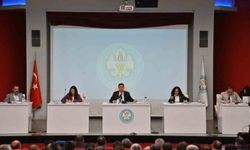 Başkan Zeyrek Hizmet Sözlerini Yineledi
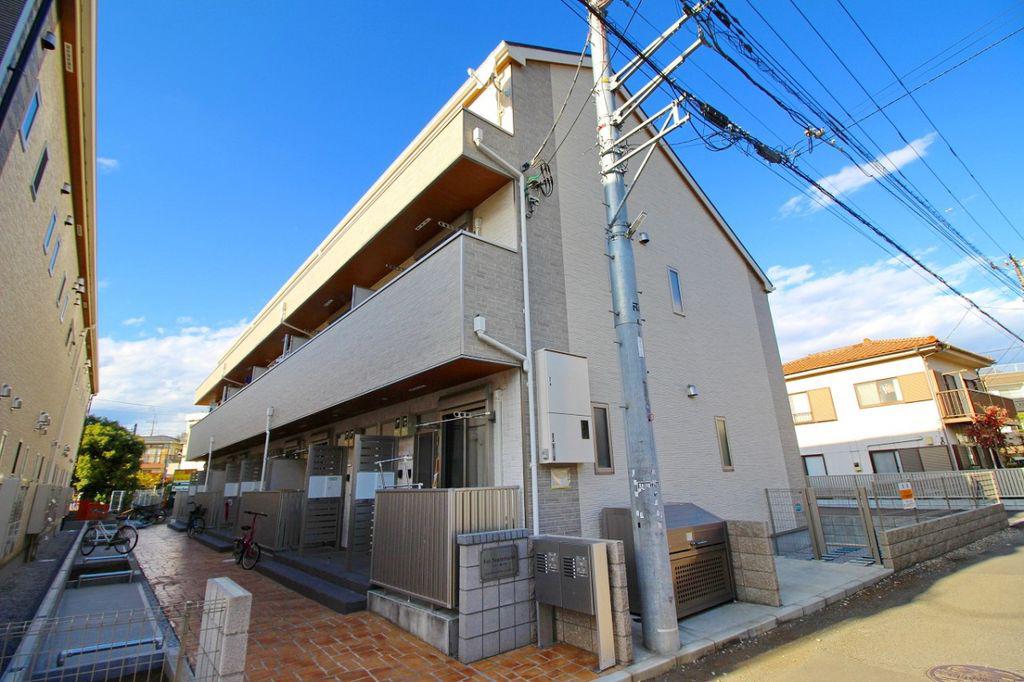 エスト野口町(1LDK/2階)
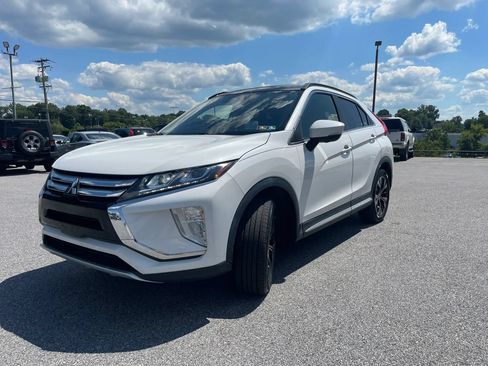 Used 2018 Mitsubishi Eclipse Cross SEL AWD/4WD image 5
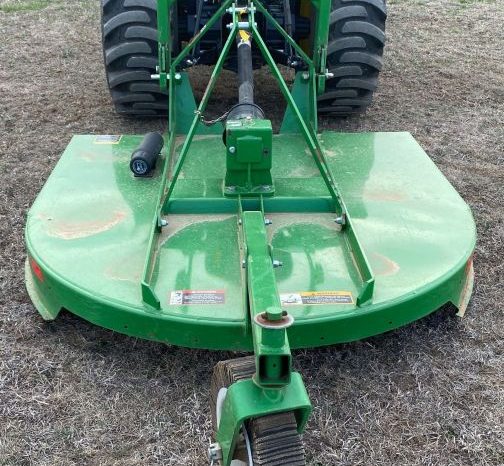 2017 John Deere 3032E full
::::
ACTION ITEM: Pictures must not appear in the copy, which must otherwise match the listing exactly.

SOLUTION FOR THIS EXERCISE:
 Başkan Zeyrek Hizmet Sözlerini Yineledi
 エスト野口町(1LDK/2階)
 Used 2018 Mitsubishi Eclipse Cross SEL AWD/4WD image 5
 2017 John Deere 3032E full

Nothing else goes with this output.